Five-year-old Zander Watkins had been looking forward to the opening day of lake fishing all week.
“I went over to his house this morning and woke him up and said, ‘We’re going fishing!’ and he jumped right up,” said Emily Colgrove. “He was excited.”
Zander proudly shows off his well-stocked tackle box and the fishing pole he won at last year’s fishing derby at Failor Lake. Saturday, though, he wasn’t having much luck. After three hours on the bank of Lake Aberdeen, he hasn’t had a serious bite. It might be the bait, he ponders, staring at the small jar of brilliant green Nitro bait.
“It’s stinky,” he notes with a crinkled nose, and rummages for a better option.
Trevor Cox, 4, caught the fish biting. He had his limit of trout early in the day, his best a 15-inch beauty weighing in at 1.71 lbs.
His parents, Mark and Trisha, helped out of course, but Trevor has been honing his fishing skills since he could hold a pole.
“I think it’s good,” he shyly says of fishing.

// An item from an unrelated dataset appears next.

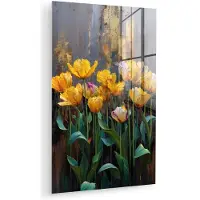 MuchoWow Glasschilderij 20x30 cm - Schilderij acrylglas - Tulpen - Geel - Penseelstreken - Abstract - Foto op glas - Muurdecoratie woonkamer - Wanddecoratie slaapkamer - Schilderijen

The Cox family arrived right as the lake opened at 5:30 a.m. and said they were lucky to find a parking spot. Even late in the morning, the lake remained crowded, with dozens of anglers sharing the bank or trying their luck on small boats.
Trevor and his parents were mainly still there at 9 a.m. to help his new friend, Logan, 5. His dad, Eric Roberts, showed up at 6:30 a.m.
“Apparently we missed the golden hour,” Eric said. After nearly three hours of labor, they had only caught three trout.
Then, suddenly, Eric and Logan get a bite, and after a short fight, pull in a trout that looks like it might outweigh the rest of their catch combined. It’s at least a 14-incher, probably weighing a pound and a half to two pounds.
“I’m a good fisher,” Logan announces with a broad grin.
“He’ll cry when we put it in the pan,” notes Eric. “Whenever we catch fish, he thinks they’re going to go into the fish tank.”
Logan says he likes fishing, and doesn’t seem to mind the long wait between bites.
“It’s about getting a lot of fish and a shark and an octopus and a whale,” Logan said. He hadn’t seen anything but fish in the lake so far, though.
“They don’t live in this water,” he said with only a trace of disappointment. Next time, they would go somewhere he could catch a shark, he said.
“Yeah, the seafood store,” Eric said with a laugh.
Lake Aberdeen is slated to have 8,500 rainbow trout planted over April and May by the Washington Department of Fish and Wildlife. Trout generally bite until mid-summer.